I know: it’s all starting to sound incredibly theoretical. But what I want to emphasise is that my Laidlaw internship experience taught me how even highly theoretical research is ultimately grounded in concrete realities.

My research took me to Columbia University’s College of Physicians and Surgeons, where I learned with the scholars who founded and lead narrative medicine research. Chatting with the very scholars you have cited numerous times is at once humbling and inspiring: humbling to hear their insight, and inspiring to realise that they are excited for a new generation to continue building upon that insight. This aspect of my research allowed me to see how research really is a dialogue with a broader research community—nothing like the stereotypical image we may have of a researcher holed up alone in their office or lab. It was conversations I had at this conference that sparked the shift in my research, reminding me that research so often emerges from real conversations with real people—not just from the mind of some researcher who is wandering alone in some abstract clouds.

Through this narrative medicine research community, I have also come to know several incredibly compassionate and talented physicians, who I had the honour of shadowing back in Canada while conducting my research for the Laidlaw programme. This opportunity to witness narrative medicine in practice fuelled my motivation to research throughout the summer: I witnessed how these physicians’ literary practices and research translated into more effective medical practice. Research, especially in the humanities where it often verges towards theory, can often feel disconnected from the real world—sometimes bordering on feeling useless. But these clinical experiences taught me that research doesn’t have to happen in a theoretical bubble; research can—and should—be informed by real practices.

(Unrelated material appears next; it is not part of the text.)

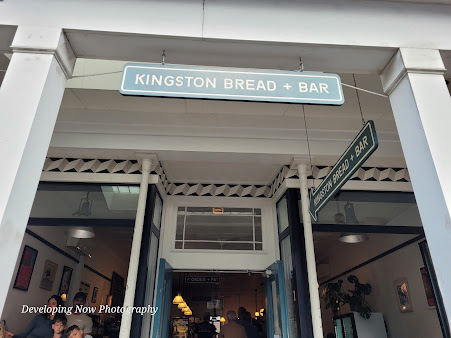 Photo Kingston Bread + Bar - 16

Finally, as graduate school application deadlines loom, I’m recognising how this research experience has been formative to my future. This time last year, I was skimming through applications for various Master’s program and funding bodies, thinking it would be impossible to write a research proposal. How was I supposed to know exactly what I wanted to research for my M.A. dissertation before even starting my M.A.? How was I supposed to hone all my research interests into one concise and specific proposal? The entire application process seemed daunting and backwards, but by the end of my Laidlaw internship, I had replaced these questions with new ones that would form the basis of my research proposal. The opportunity to dedicate my summer to research without the pressure of actually writing a dissertation allowed me to focus on what

particular research questions piqued my interests, rather than forcing myself to draw final conclusions—which brings me back to where I started: the unknown. Even when research answers one question, it simply leads to many more questions, thereby continuously revealing all that we don’t know.